Image-caption web data
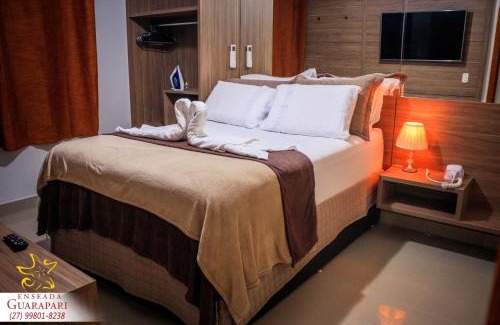 Praia do Morro Apartment | CONFORTO IMBATIVEL - 25 metros do MAR - 2 Quartos com AR CONDICIONADOS SPLIT, Air Fryer, WI-FI, Disney Plus, Star Plus, HBO Max, Guarda Sol, Cadeiras de Praia e Caixa Térmica - 8 pessoas com Muito Conforto - Melhor Localização!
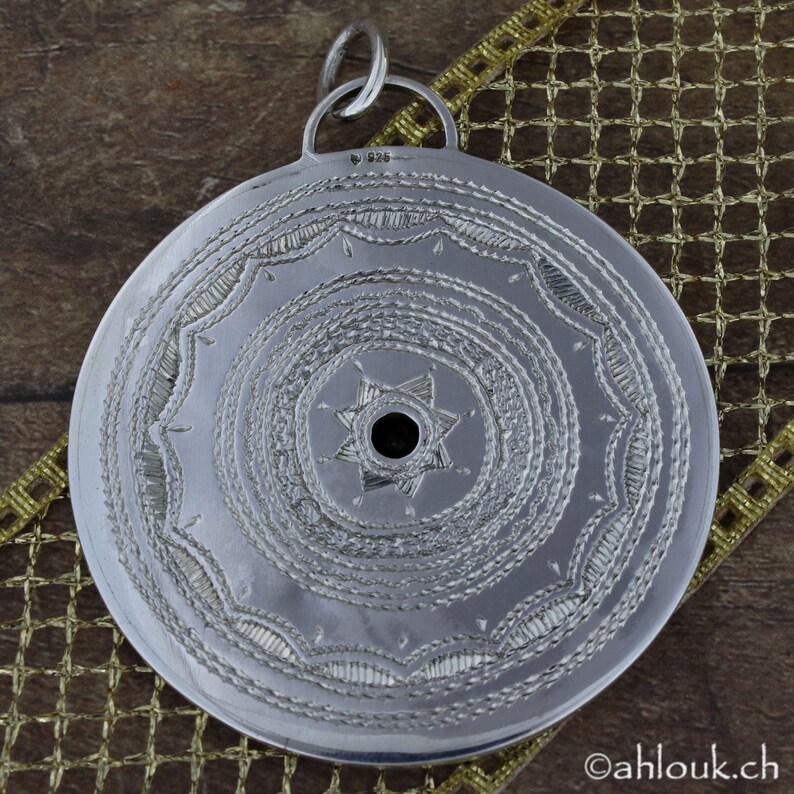 May include: Silver pendant with a circular design featuring a star with a hole in the center. The pendant has a detailed, intricate pattern of concentric circles and lines. The back of the pendant is marked with "925".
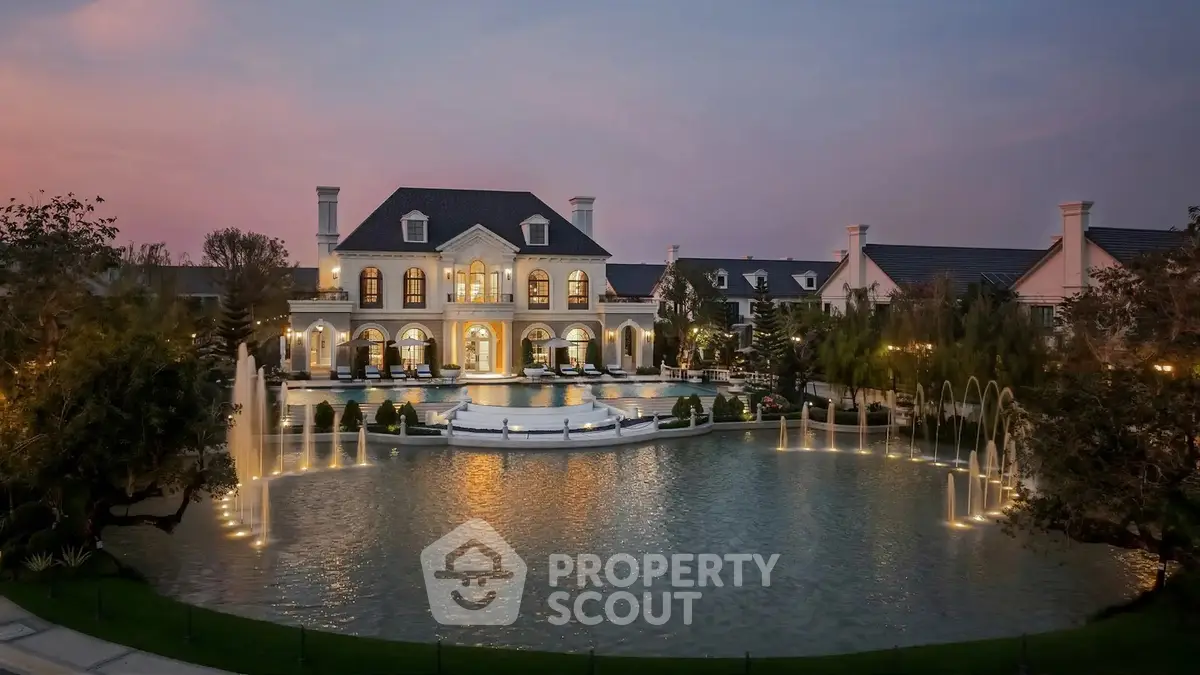 Luxurious mansion with elegant architecture and stunning illuminated fountains at dusk.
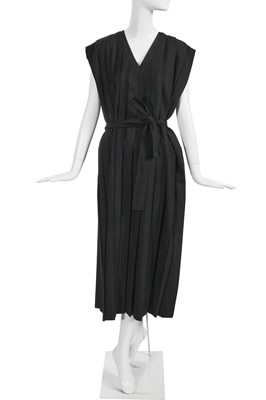 Lot 152 - An early Comme des Garçons pleated black wool dress, 'Dots, Polyester Pleats' collection, Autumn-Winter 1985-86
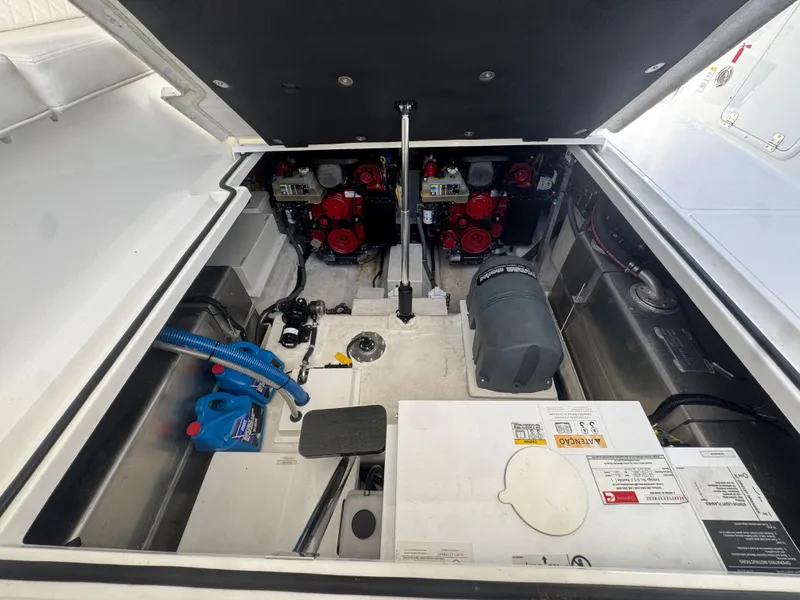 Slide: The Image of Engine compartment of 2023 Schaefer 375 HT boat, showcasing mechanical components and systems. - 35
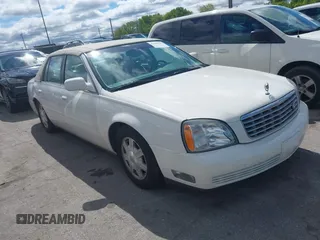 2003 Cadillac DeVille z VIN 1G6KD54Y23U221187, wystawiony jako IAAI lot #42339315 z przebiegiem 82 681 mil mil oraz . Historia ofert i sprzedaży dostępna na DreamBid. Obrazek 1.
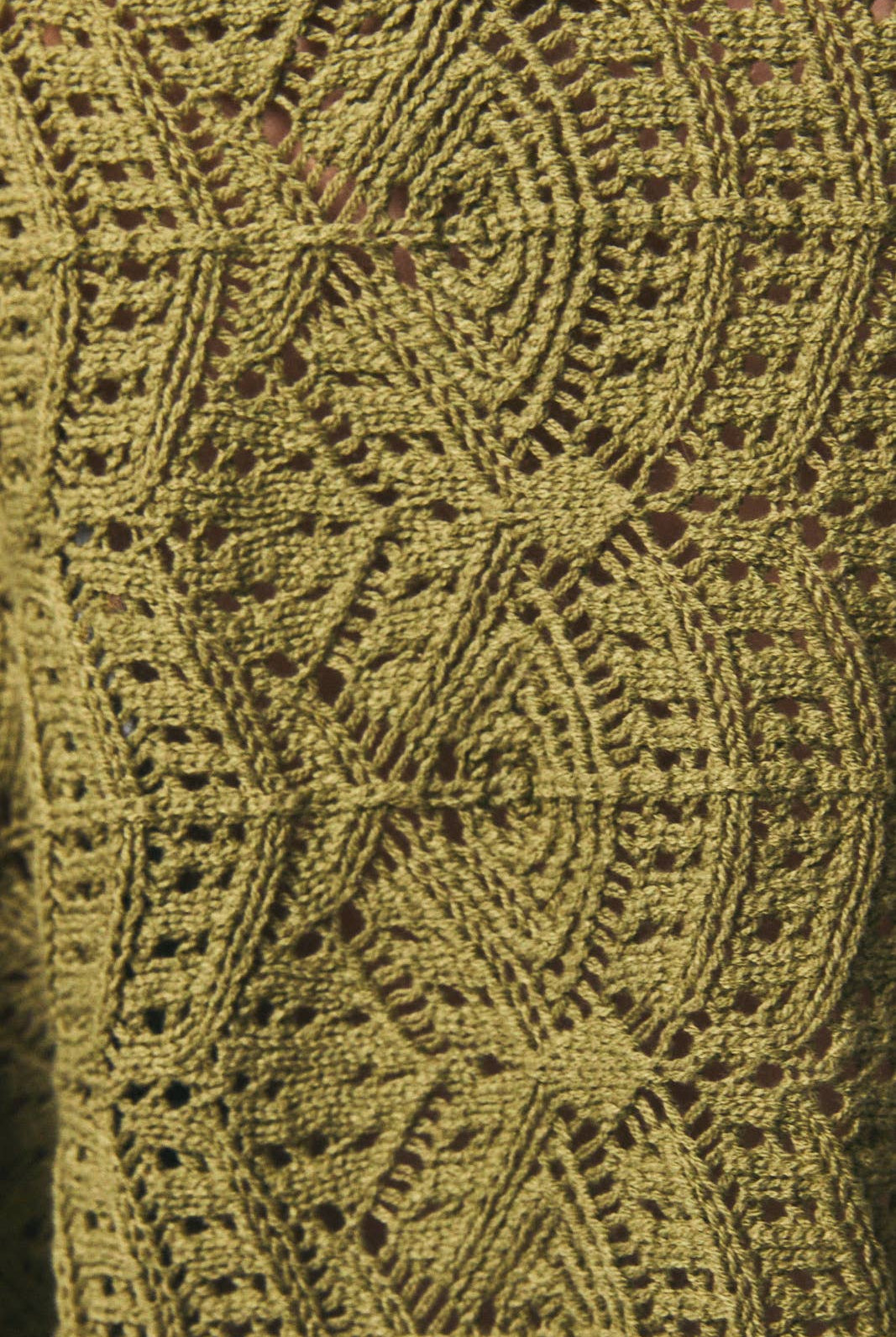 Long sleeve crochet cardigan by LE LIS featuring intricate knit patterns and a relaxed fit, displayed on a neutral background.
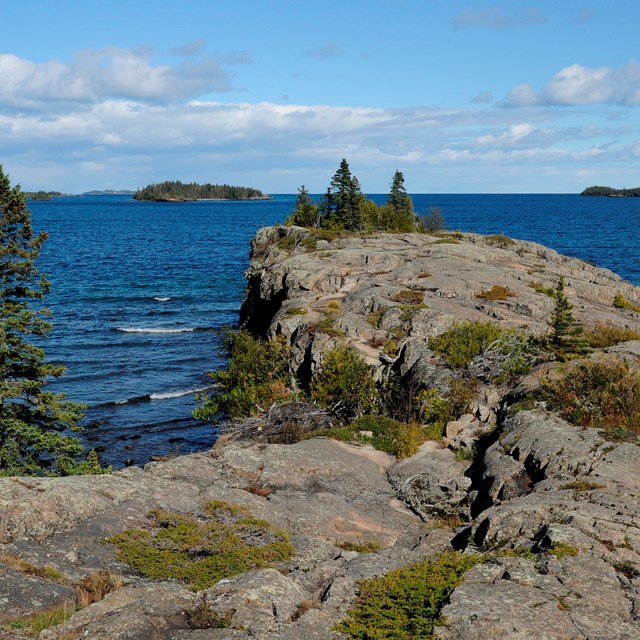 A rocky shore line covered in moss and lichen, looking out to smaller islands in Lake Superior.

**Task directions:** Please give an exact printout of all the records, pictures aside.

**Response to the exercise:**
 Praia do Morro Apartment | CONFORTO IMBATIVEL - 25 metros do MAR - 2 Quartos com AR CONDICIONADOS SPLIT, Air Fryer, WI-FI, Disney Plus, Star Plus, HBO Max, Guarda Sol, Cadeiras de Praia e Caixa Térmica - 8 pessoas com Muito Conforto - Melhor Localização!
 May include: Silver pendant with a circular design featuring a star with a hole in the center. The pendant has a detailed, intricate pattern of concentric circles and lines. The back of the pendant is marked with "925".
 Luxurious mansion with elegant architecture and stunning illuminated fountains at dusk.
 Lot 152 - An early Comme des Garçons pleated black wool dress, 'Dots, Polyester Pleats' collection, Autumn-Winter 1985-86
 Slide: The Image of Engine compartment of 2023 Schaefer 375 HT boat, showcasing mechanical components and systems. - 35
 2003 Cadillac DeVille z VIN 1G6KD54Y23U221187, wystawiony jako IAAI lot #42339315 z przebiegiem 82 681 mil mil oraz . Historia ofert i sprzedaży dostępna na DreamBid. Obrazek 1.
 Long sleeve crochet cardigan by LE LIS featuring intricate knit patterns and a relaxed fit, displayed on a neutral background.
 A rocky shore line covered in moss and lichen, looking out to smaller islands in Lake Superior.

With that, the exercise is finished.